By LARRY VAUGHT
As he watched his team getting really tested for the first time in the Bahamas, Kentucky coach John Calipari said on the SEC Network that he was anxious to see who would make a big play with the game on the line.
He knew veterans like guards Aaron and Andrew Harrison could do that after what they did in the NCAA Tournament, but he found he has another clutch performer — freshman point guard Tyler Ulis.
His defense forced a turnover in a one-on-one confrontation that led to his own layup in UK’s 77-72 victory over Chalons-Reims, a team UK beat 81-58 on Monday. This time the French professional team went toe-to-toe most of the game and was down only 75-72 with 3 minutes, 52 seconds remaining.
No one could score the rest of the way except for Ulis, who broke down his man near midcourt, got the steal and went for the score that had Calipari, who was back sitting at the top of the gym while assistant Barry Rohrssen coached the team, on his feet applauding like the other UK fans in Nassau.
“One thing you want to think about right now is Tyler changed that possession defensively and that changed it for us. He has the ability to put tremendous pressure on their ballhandlers. He has quick feet. He did a really nice job,” Rohrssen said on the UK Radio Network postgame show.
“This is just a big-time play by Ulis. He (Ulis’ man) fell down but the reason he fell down is big-time pressure by Ulis. That is the type of play that can make the difference in the game,” said SEC Network analyst Jay Bilas.
And he was right.
Kentucky broke its two-platoon system in the final minutes when the Harrison twins and Dakari Johnson came back in to play with Ulis and Lee. That provided a three-guard look that UK may often use to finish close games because it gives the Cats two point guards in Andrew Harrison and Ulis and three perimeter scorers who can score outside, drive and make free throws. Kentucky can do that because the Harrisons both have the size to guard small forwards.
Aaron Harrison finished with a game-high 15 points while Ulis had 12 and Andrew Harrison 11. Freshman Devin Booker had 10 points, including a big-time shot in the lane under duress at about the five-minute mark. Kentucky had depended on inside play to win its first four games, but this time the perimeter players combined for 48 of UK’s 77 points.
“We are new together and trying to have fun, and winning is fun,” Booker said on the SEC Network after the game. “We came out with a win, so it was a good time.
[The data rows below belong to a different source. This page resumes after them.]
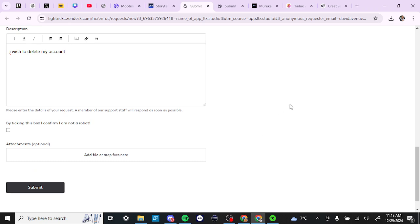and then click submit at the bottom and that will go off to LTX Studio to delete your account. That's all there is to it. If you found this video helpful, please leave a comment and like and subscribe for more helpful tips.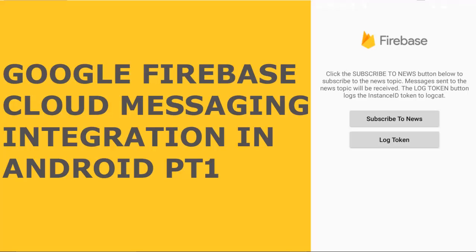Hello everyone, welcome to Delorei Studios. This is another episode of Android programming. Today we'll be talking about Google Cloud Messaging. I will be focusing majorly on Firebase Cloud Messaging, FCM.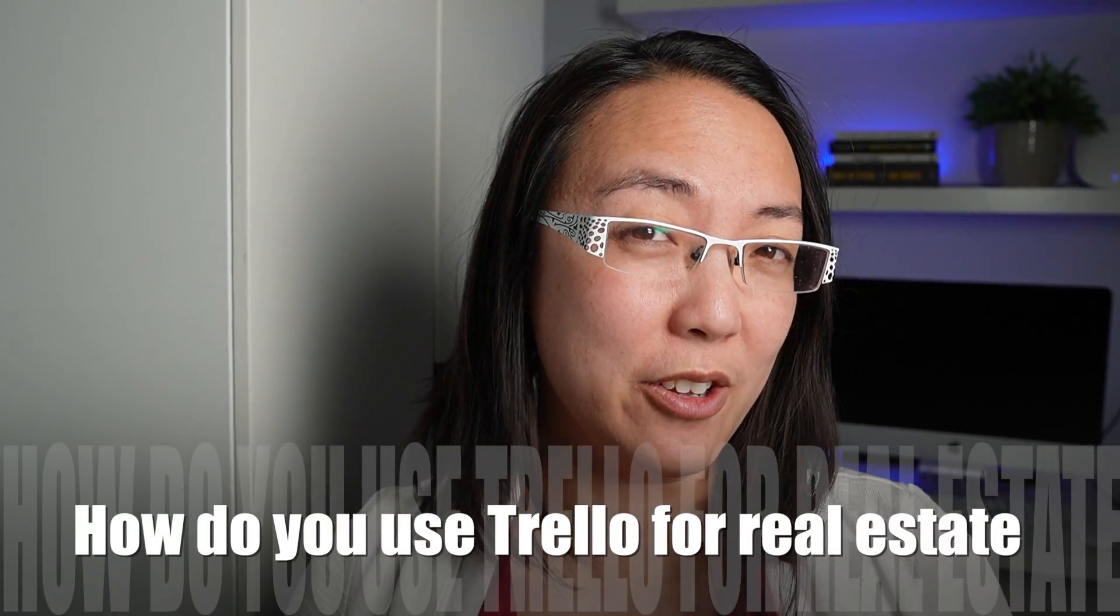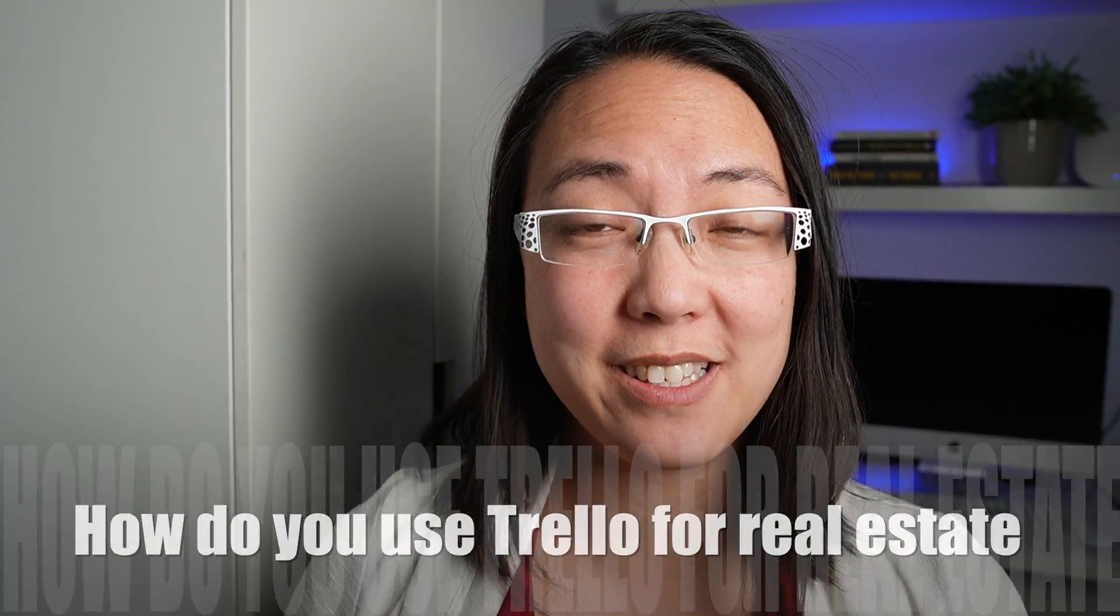How do you use Trello for real estate? Well, today I'm going to talk to you as an agent, a top producing agent that has used Trello for well over six years. I'm going to talk to you about how you can use Trello to make your business more effective.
I just do what they give me. If you can shoot, that opens opportunities to drive.
He said he was still adjusting to the speed of the game.
“It’s a lot faster than high school. You have to run fast but the game has to be slow to you,” he said.
The French team, which had seven former Division I players from the United States, made the game physical — something Calipari liked.
“One of the things you want to think about when you play somebody a second time is that you don’t want their pride to beat your arrogance. We were on roll where played well. They came out with a bit of chip on their shoulder,” Rohrssen said.
Andrew Harrison, who had seven assists, noticed.
“That’s what we needed. We need it would be a tough battle. Those guys are great players,” he said. “We are having fun, but today we needed that challenge. It was great for us.”